◆ The data:

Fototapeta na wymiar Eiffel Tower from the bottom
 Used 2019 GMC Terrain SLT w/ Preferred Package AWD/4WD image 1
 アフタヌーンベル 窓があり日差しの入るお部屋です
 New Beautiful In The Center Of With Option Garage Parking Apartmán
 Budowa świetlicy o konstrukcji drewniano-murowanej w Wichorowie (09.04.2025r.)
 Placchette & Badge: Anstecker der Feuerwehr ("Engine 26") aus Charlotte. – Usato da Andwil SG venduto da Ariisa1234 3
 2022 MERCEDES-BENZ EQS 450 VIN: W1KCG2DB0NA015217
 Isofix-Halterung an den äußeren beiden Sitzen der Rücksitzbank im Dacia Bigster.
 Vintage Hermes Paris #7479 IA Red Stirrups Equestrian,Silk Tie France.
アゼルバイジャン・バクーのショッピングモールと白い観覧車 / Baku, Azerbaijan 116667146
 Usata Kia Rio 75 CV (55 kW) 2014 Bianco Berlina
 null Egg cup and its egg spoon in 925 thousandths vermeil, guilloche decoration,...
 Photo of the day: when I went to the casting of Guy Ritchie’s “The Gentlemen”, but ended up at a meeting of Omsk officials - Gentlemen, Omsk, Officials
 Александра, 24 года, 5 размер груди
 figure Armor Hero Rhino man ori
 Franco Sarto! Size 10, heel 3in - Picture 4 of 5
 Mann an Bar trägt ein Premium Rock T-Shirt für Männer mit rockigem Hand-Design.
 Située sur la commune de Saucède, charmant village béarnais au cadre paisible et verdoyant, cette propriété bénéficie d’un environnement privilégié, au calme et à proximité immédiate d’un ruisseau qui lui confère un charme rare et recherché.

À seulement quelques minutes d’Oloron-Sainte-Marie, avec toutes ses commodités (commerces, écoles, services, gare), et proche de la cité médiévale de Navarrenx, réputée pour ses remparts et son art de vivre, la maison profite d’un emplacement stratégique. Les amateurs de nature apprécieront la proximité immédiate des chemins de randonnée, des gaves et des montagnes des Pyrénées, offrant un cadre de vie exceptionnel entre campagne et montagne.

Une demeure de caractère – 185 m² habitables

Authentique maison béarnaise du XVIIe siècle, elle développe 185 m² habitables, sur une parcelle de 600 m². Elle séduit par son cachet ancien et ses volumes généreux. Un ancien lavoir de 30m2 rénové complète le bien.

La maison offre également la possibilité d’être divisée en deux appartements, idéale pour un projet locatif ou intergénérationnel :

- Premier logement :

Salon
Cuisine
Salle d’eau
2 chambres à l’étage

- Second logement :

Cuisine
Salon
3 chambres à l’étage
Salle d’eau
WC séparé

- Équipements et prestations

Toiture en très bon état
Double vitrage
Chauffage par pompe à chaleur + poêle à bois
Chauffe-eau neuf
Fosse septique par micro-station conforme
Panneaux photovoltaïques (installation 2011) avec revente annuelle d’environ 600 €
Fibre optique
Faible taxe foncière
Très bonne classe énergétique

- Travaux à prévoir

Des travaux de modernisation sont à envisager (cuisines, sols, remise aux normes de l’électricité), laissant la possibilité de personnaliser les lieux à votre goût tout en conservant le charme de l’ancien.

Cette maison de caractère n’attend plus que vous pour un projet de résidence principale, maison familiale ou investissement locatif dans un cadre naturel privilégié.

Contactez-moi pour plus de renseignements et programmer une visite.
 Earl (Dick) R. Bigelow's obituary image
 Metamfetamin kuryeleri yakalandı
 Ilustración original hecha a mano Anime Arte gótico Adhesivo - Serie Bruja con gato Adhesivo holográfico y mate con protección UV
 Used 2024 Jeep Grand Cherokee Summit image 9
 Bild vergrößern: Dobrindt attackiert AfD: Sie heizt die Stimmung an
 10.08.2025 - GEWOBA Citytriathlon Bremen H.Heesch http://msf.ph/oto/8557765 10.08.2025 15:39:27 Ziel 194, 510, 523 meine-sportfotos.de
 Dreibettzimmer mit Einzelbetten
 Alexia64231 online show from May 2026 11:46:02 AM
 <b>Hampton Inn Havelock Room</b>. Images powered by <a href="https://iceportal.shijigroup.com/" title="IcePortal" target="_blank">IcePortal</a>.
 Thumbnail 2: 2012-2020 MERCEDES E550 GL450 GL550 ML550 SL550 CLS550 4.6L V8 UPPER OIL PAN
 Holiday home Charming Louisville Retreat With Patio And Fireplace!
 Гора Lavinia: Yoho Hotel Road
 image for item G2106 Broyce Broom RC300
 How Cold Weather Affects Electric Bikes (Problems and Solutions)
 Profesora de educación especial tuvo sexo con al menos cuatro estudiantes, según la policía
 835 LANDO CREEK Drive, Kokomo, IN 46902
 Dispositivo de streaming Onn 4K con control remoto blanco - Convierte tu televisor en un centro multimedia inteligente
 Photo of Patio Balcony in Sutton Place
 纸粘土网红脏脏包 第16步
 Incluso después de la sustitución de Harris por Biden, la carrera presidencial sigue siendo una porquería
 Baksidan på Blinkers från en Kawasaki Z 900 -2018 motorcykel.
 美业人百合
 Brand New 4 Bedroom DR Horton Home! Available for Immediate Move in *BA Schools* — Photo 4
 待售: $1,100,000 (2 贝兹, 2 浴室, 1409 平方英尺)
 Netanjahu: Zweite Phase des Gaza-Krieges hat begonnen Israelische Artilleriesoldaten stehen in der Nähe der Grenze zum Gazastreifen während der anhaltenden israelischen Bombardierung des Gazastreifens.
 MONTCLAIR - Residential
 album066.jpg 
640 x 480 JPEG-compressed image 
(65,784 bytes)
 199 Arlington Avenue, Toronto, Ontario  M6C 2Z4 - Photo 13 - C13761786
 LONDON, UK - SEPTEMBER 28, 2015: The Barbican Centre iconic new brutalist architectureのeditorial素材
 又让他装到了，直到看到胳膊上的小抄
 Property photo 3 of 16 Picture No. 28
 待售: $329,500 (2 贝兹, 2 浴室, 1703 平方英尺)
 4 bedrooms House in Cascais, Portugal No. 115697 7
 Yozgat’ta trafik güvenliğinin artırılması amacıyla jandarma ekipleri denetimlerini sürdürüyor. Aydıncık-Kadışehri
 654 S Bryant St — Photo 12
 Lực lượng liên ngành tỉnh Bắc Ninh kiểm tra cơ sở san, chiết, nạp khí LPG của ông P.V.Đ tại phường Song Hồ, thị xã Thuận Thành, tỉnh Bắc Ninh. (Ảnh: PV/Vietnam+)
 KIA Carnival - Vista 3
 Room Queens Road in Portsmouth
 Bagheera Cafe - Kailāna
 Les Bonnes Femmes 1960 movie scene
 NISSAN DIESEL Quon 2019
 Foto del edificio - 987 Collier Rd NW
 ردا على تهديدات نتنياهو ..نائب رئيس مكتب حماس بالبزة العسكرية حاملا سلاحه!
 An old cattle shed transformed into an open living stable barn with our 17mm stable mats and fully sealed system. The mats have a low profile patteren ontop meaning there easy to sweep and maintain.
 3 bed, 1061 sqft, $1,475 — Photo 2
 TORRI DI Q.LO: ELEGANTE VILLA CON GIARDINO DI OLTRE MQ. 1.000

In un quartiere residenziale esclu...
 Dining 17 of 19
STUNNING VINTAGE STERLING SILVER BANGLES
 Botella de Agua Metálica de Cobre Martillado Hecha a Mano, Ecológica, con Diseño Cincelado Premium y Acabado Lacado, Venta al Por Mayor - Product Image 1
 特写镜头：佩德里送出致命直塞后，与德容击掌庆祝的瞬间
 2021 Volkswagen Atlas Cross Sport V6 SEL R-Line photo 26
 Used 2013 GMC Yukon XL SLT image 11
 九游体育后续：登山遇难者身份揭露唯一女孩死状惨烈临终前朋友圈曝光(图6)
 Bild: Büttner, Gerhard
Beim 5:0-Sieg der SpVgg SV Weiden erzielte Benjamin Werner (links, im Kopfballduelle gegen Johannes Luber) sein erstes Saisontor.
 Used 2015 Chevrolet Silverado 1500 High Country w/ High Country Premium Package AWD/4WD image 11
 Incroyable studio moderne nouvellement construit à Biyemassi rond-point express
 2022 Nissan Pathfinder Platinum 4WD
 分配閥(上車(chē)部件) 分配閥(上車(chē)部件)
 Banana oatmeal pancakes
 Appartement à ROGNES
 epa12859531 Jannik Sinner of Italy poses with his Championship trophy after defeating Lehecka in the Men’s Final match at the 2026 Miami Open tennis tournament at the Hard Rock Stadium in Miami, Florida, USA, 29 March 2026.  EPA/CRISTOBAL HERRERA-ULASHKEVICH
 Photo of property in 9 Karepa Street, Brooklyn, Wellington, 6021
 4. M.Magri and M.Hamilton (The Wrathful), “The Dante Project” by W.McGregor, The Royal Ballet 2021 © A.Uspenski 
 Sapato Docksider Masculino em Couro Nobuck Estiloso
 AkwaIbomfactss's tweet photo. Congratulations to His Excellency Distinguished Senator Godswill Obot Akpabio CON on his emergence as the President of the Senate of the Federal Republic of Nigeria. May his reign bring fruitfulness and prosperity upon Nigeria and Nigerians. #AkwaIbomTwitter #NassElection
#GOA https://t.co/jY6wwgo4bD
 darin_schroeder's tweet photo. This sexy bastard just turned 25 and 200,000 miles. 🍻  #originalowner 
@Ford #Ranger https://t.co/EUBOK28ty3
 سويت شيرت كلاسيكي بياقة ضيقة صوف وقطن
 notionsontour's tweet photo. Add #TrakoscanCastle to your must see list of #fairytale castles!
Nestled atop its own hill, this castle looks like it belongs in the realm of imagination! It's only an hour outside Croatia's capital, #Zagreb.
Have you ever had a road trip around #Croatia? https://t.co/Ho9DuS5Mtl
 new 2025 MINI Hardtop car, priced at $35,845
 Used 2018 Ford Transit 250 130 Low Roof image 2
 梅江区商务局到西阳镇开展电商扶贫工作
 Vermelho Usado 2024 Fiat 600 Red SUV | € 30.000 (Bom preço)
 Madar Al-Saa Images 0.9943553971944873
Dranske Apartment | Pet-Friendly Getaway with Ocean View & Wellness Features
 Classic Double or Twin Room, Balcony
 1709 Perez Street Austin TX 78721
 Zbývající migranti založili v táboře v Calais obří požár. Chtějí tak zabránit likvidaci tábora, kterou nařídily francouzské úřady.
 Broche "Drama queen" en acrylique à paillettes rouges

◆ Task goal: Lines from the one containing "Dranske Apartment |" through the final line of the material should be set down exactly, and no other lines.

◆ Response area:
Dranske Apartment | Pet-Friendly Getaway with Ocean View & Wellness Features
 Classic Double or Twin Room, Balcony
 1709 Perez Street Austin TX 78721
 Zbývající migranti založili v táboře v Calais obří požár. Chtějí tak zabránit likvidaci tábora, kterou nařídily francouzské úřady.
 Broche "Drama queen" en acrylique à paillettes rouges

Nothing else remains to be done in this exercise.